■ **Exercise prompt**: Return all of the data that follows precisely, leaving every image out.

■ **Source material**:
───

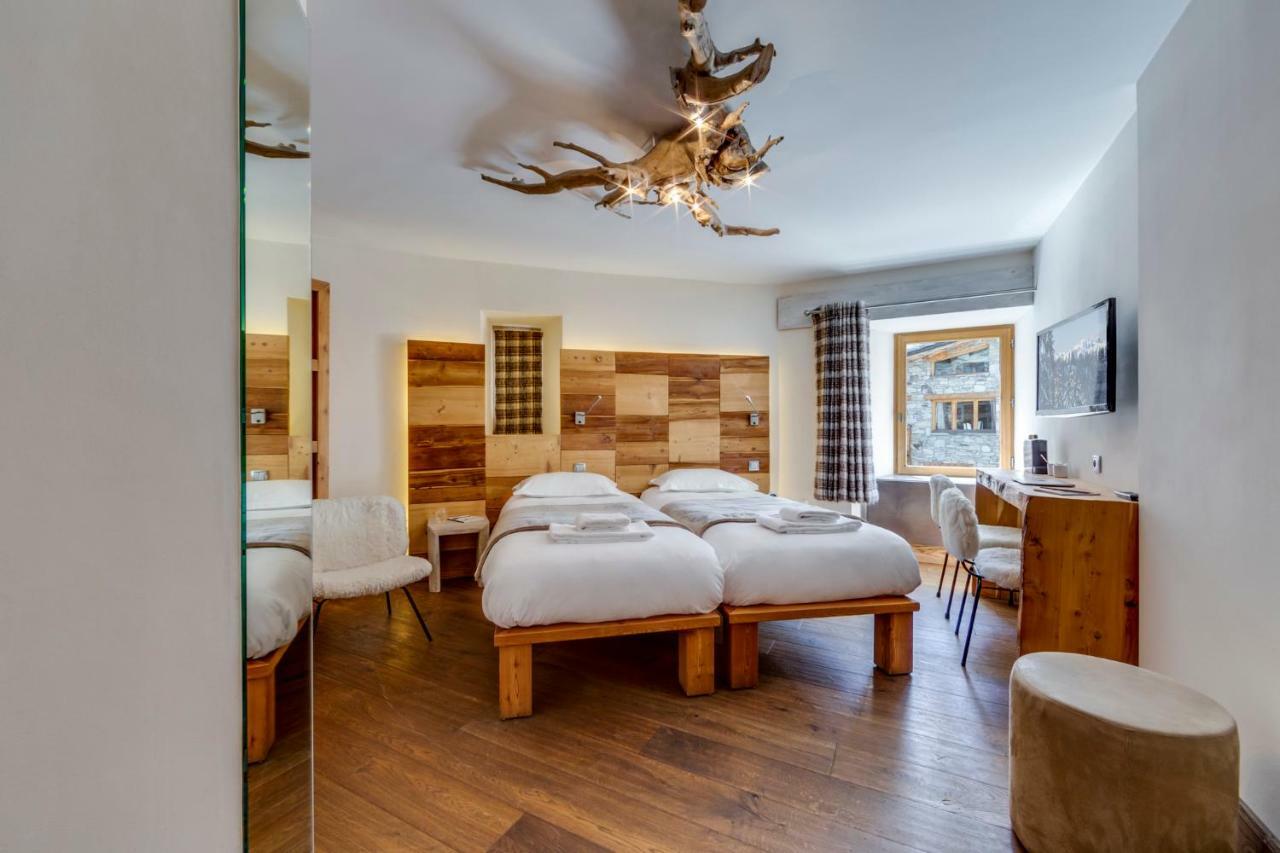 Standaard Kamer met 2 Bedden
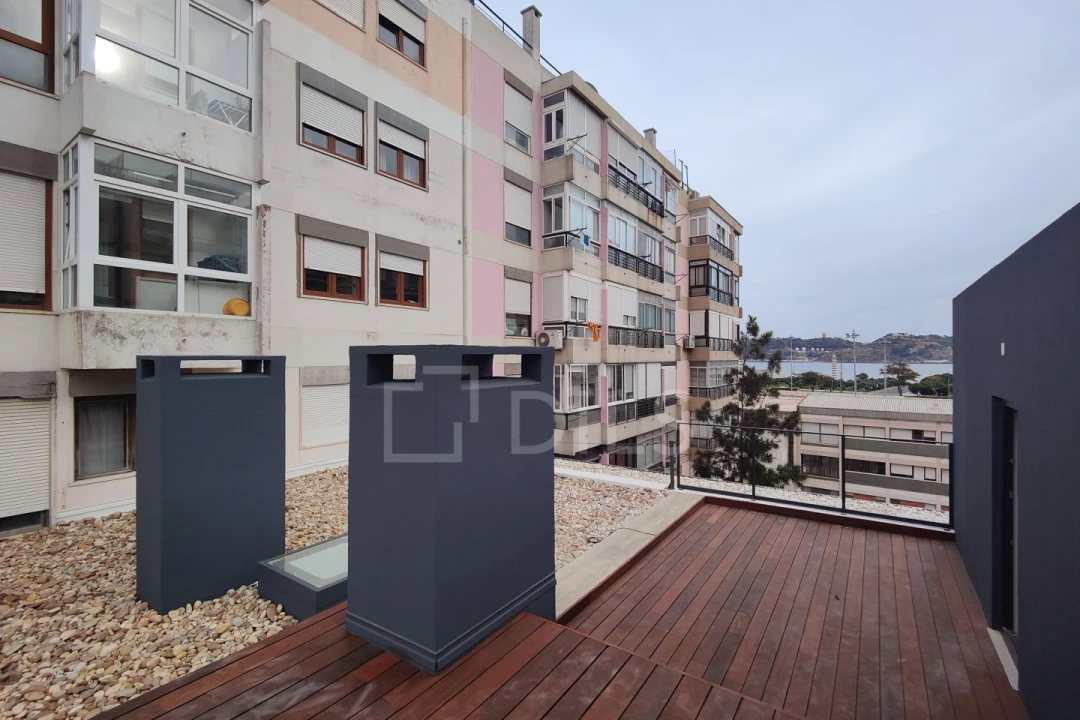 Apartamento T3 para Venda em Belém Foto 56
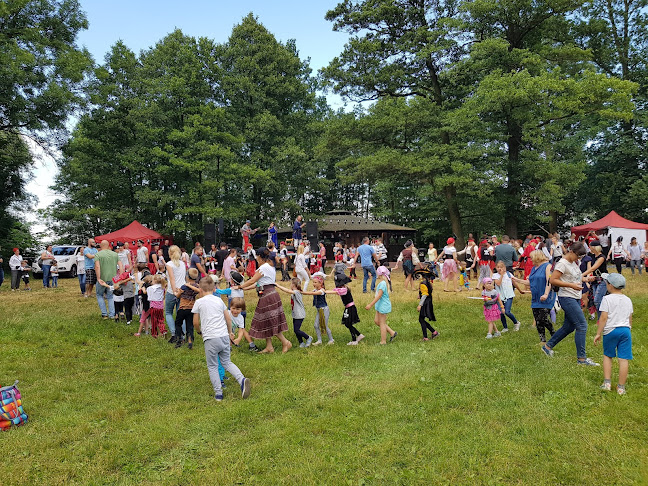 Grillownia Szelesiówka - Gastronomia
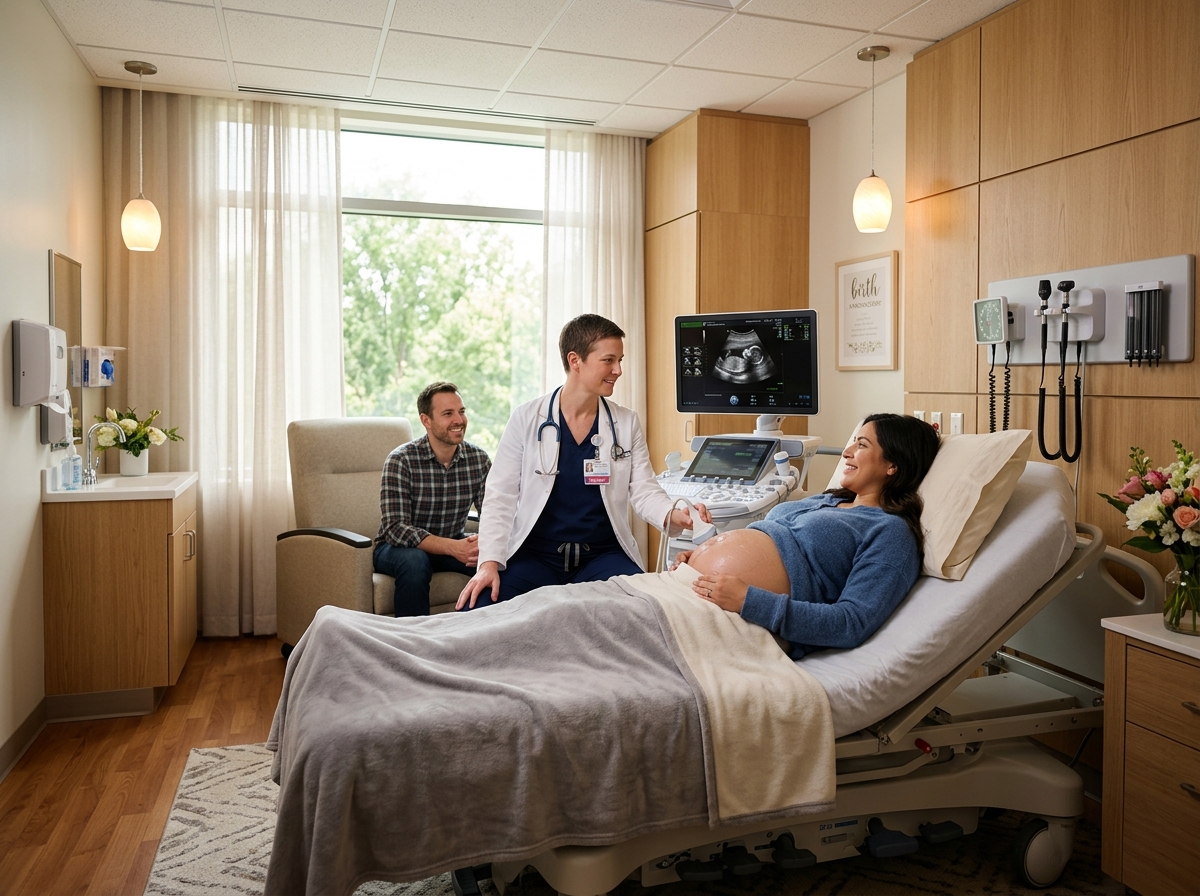 Department of Obstetrics and Gynaecology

───

■ **Answer to this exercise**:
 Standaard Kamer met 2 Bedden
 Apartamento T3 para Venda em Belém Foto 56
 Grillownia Szelesiówka - Gastronomia
 Department of Obstetrics and Gynaecology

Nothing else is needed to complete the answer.